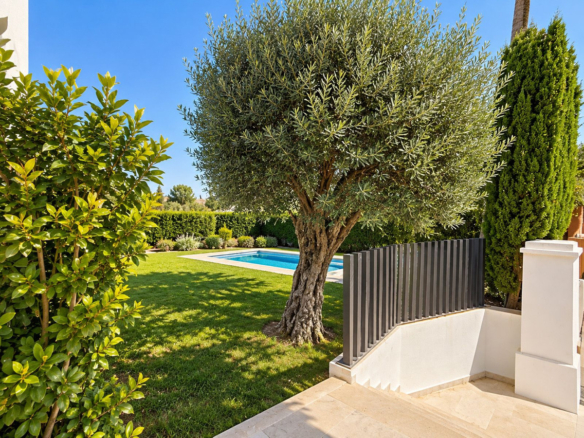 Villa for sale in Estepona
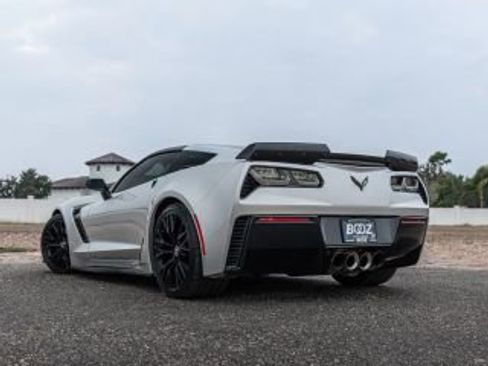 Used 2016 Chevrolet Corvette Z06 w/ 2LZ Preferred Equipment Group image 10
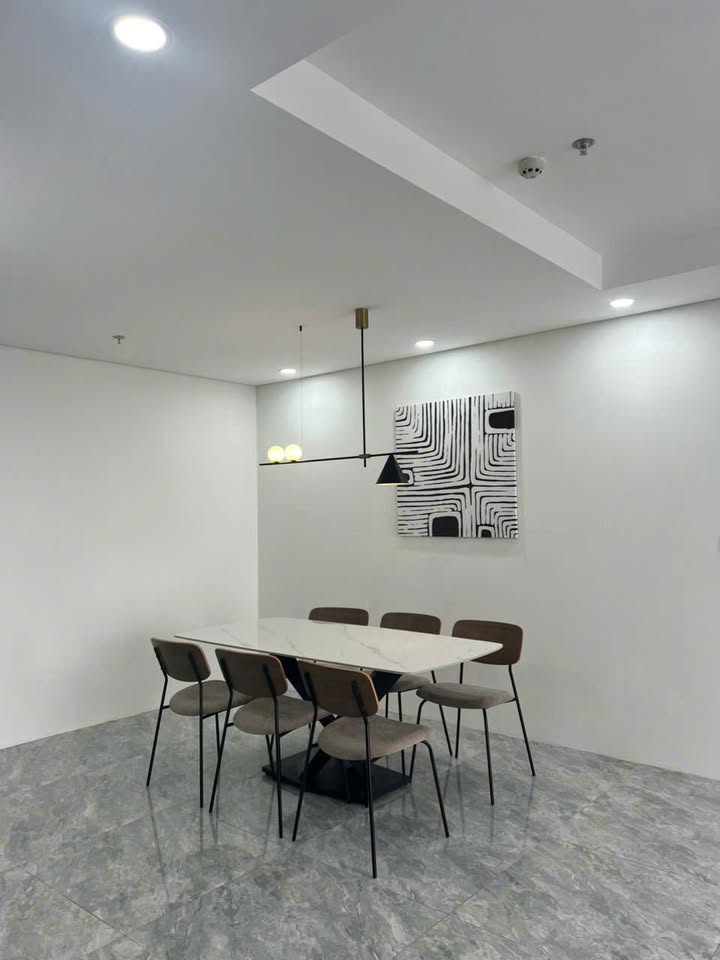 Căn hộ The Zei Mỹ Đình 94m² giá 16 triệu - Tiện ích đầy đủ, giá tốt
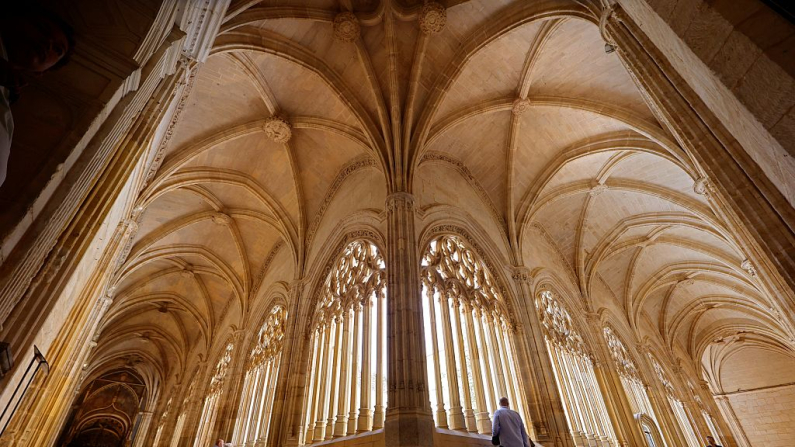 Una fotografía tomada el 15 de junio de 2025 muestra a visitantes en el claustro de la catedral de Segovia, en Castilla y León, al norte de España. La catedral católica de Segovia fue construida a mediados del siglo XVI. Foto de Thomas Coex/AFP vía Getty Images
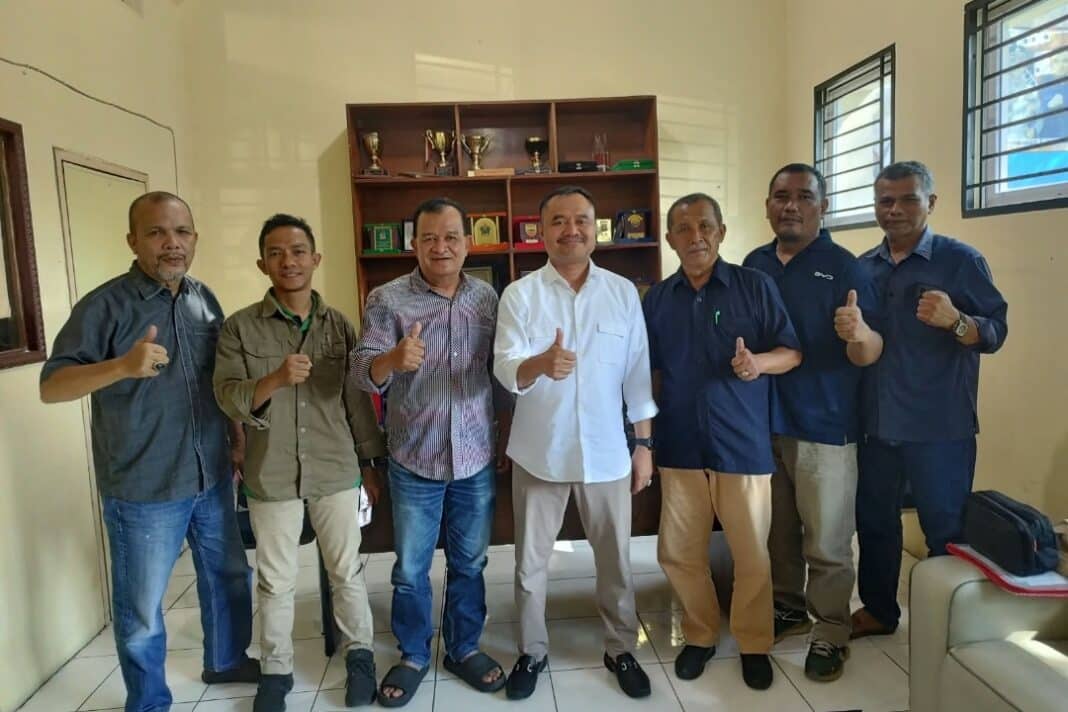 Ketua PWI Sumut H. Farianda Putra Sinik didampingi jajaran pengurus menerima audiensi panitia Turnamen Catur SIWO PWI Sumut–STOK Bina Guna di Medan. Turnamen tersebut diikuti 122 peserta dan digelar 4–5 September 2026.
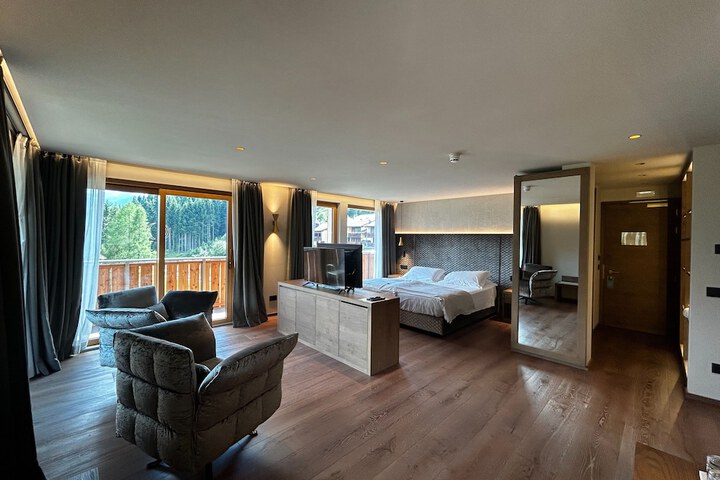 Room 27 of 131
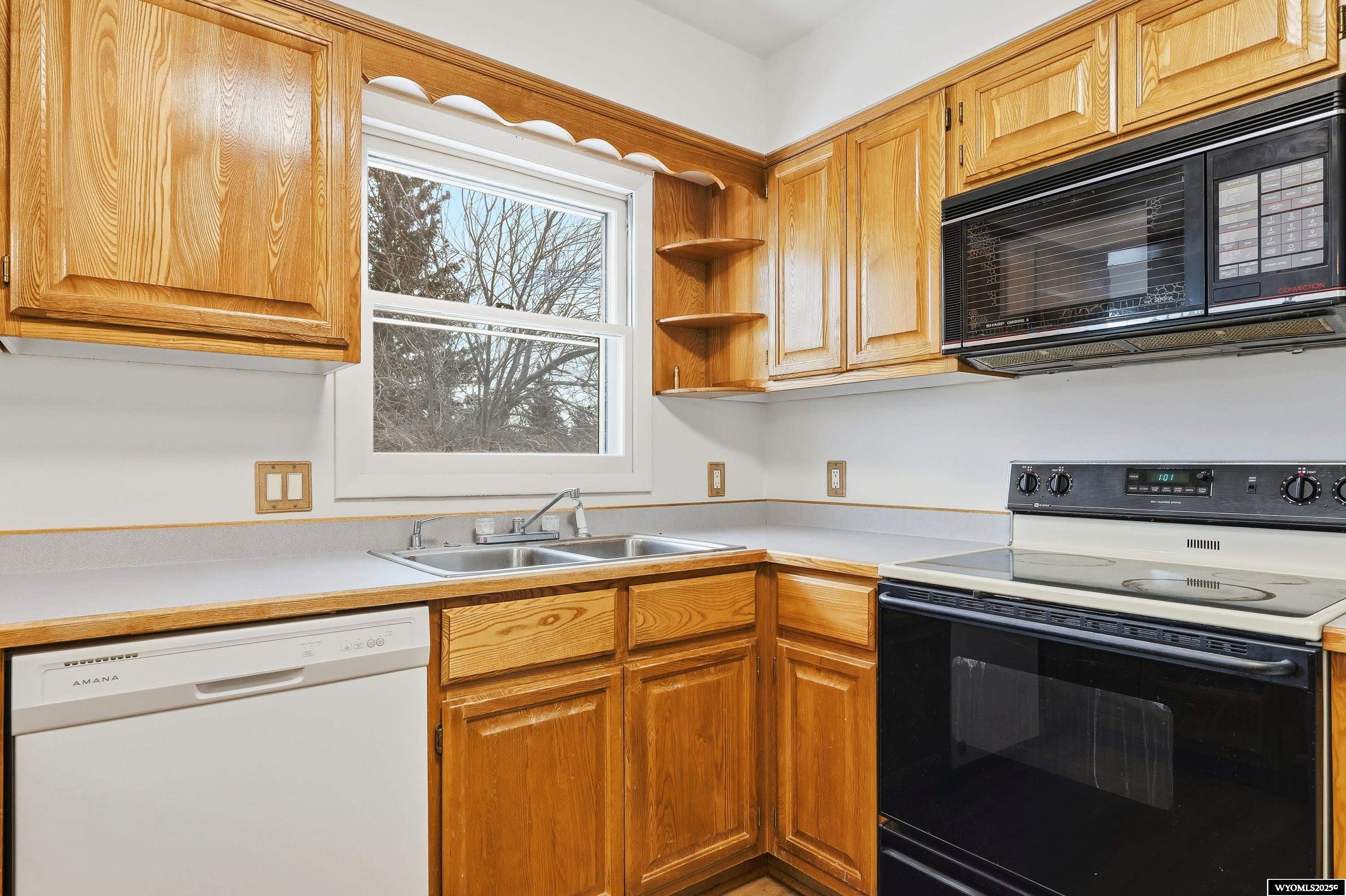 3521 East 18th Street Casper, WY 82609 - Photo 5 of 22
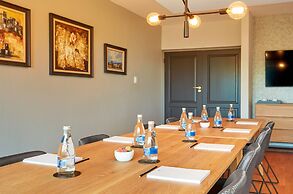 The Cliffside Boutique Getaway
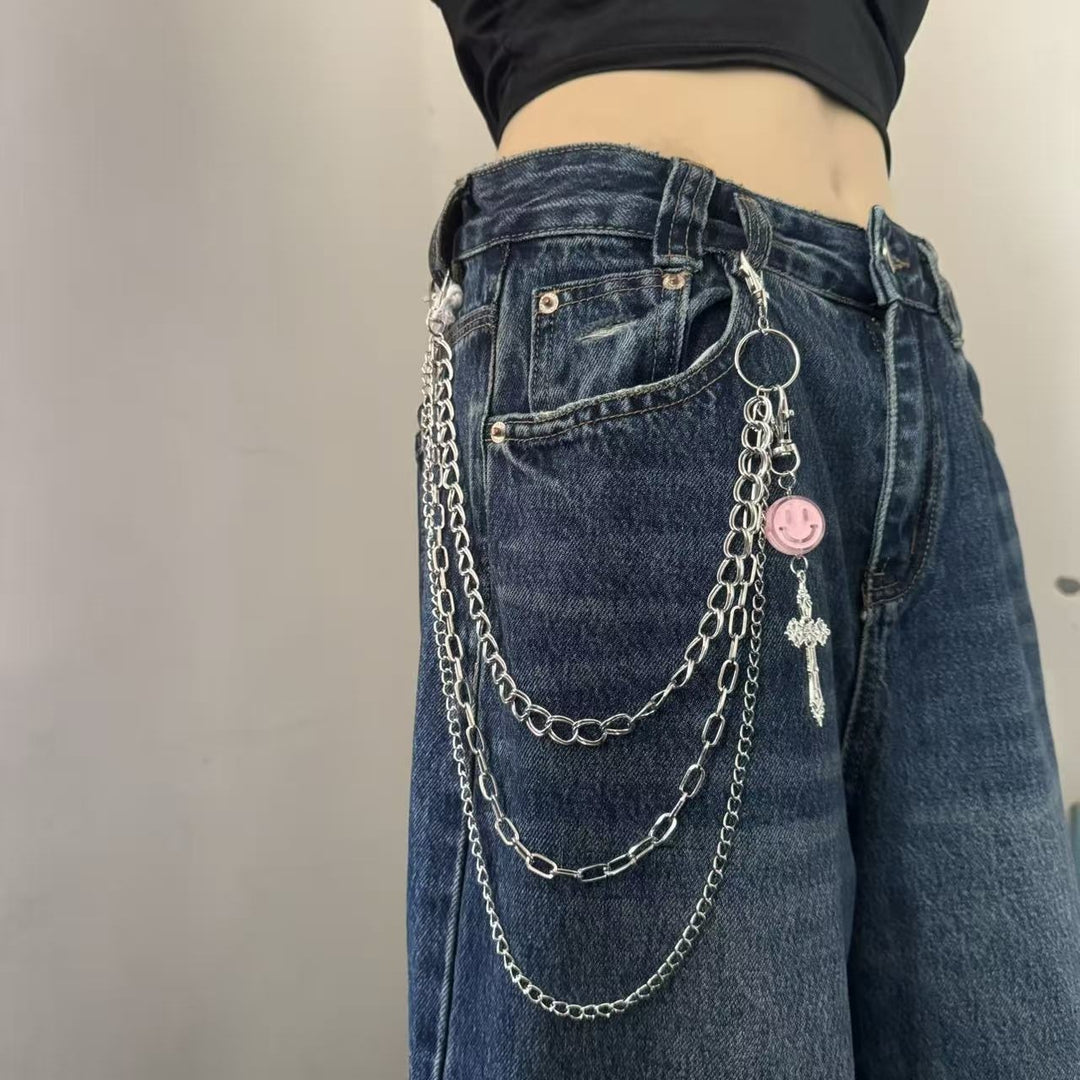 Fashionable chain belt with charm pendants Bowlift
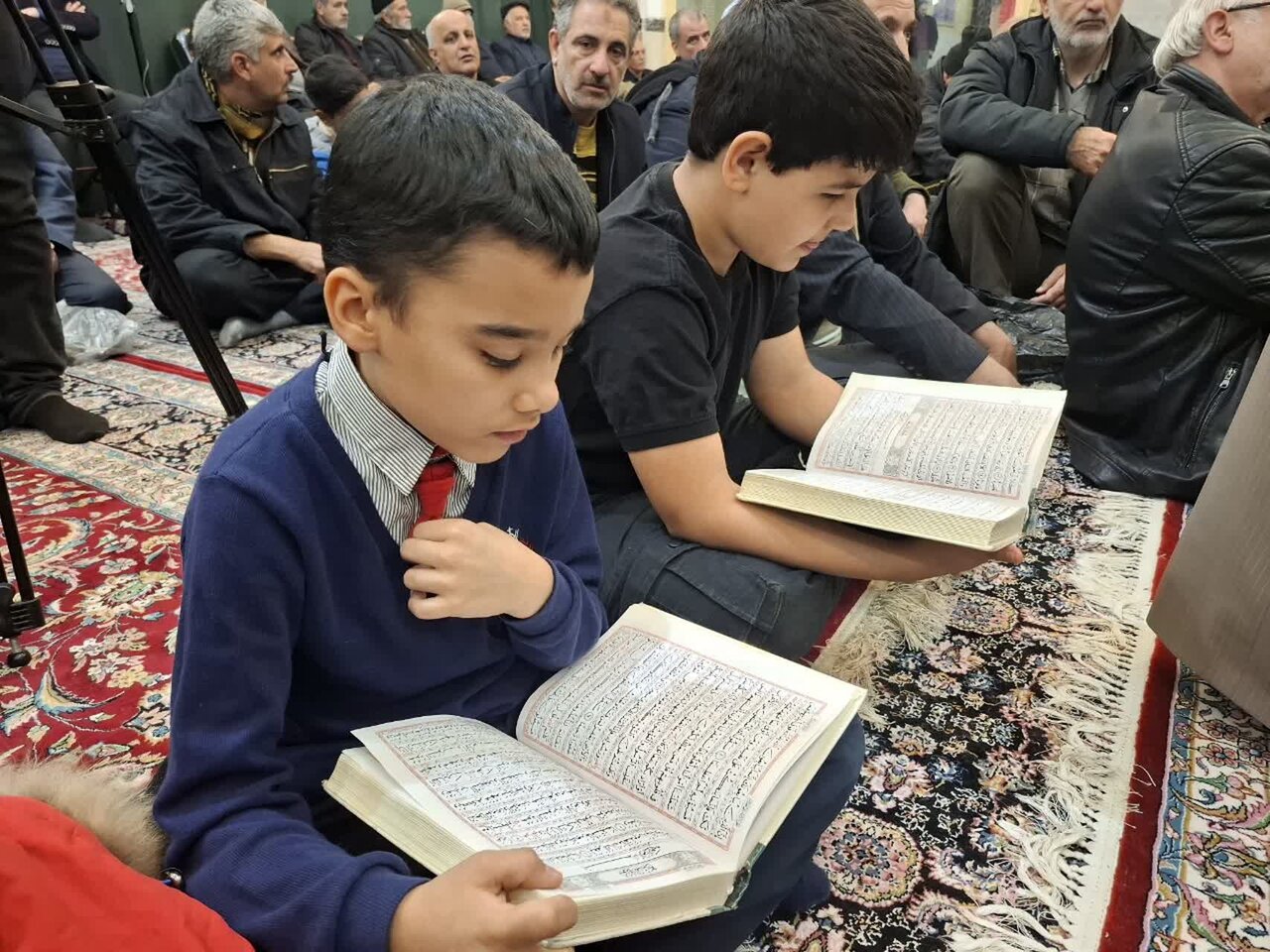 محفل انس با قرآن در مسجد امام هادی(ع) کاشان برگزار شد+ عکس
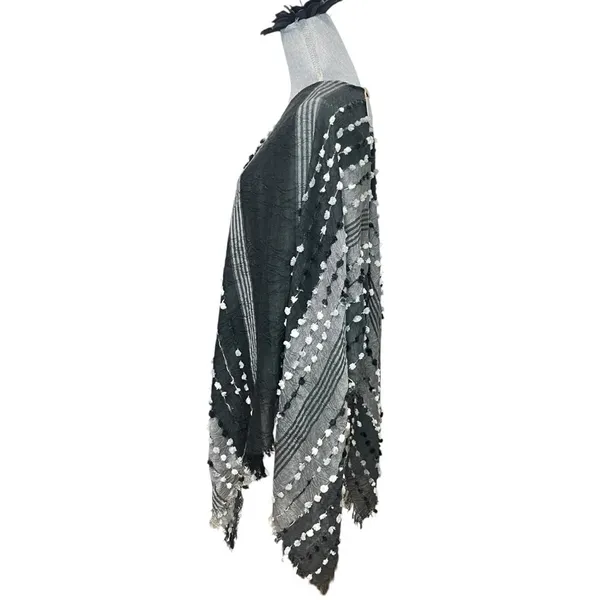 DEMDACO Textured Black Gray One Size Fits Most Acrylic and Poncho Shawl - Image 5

EXERCISE REQUIREMENTS:
Nothing but the lines from the beginning of the material above through the line containing "Căn hộ The Zei" should appear in the answer, copied exactly and free of pictures.

EXERCISE SOLUTION:
 Villa for sale in Estepona
 Used 2016 Chevrolet Corvette Z06 w/ 2LZ Preferred Equipment Group image 10
 Căn hộ The Zei Mỹ Đình 94m² giá 16 triệu - Tiện ích đầy đủ, giá tốt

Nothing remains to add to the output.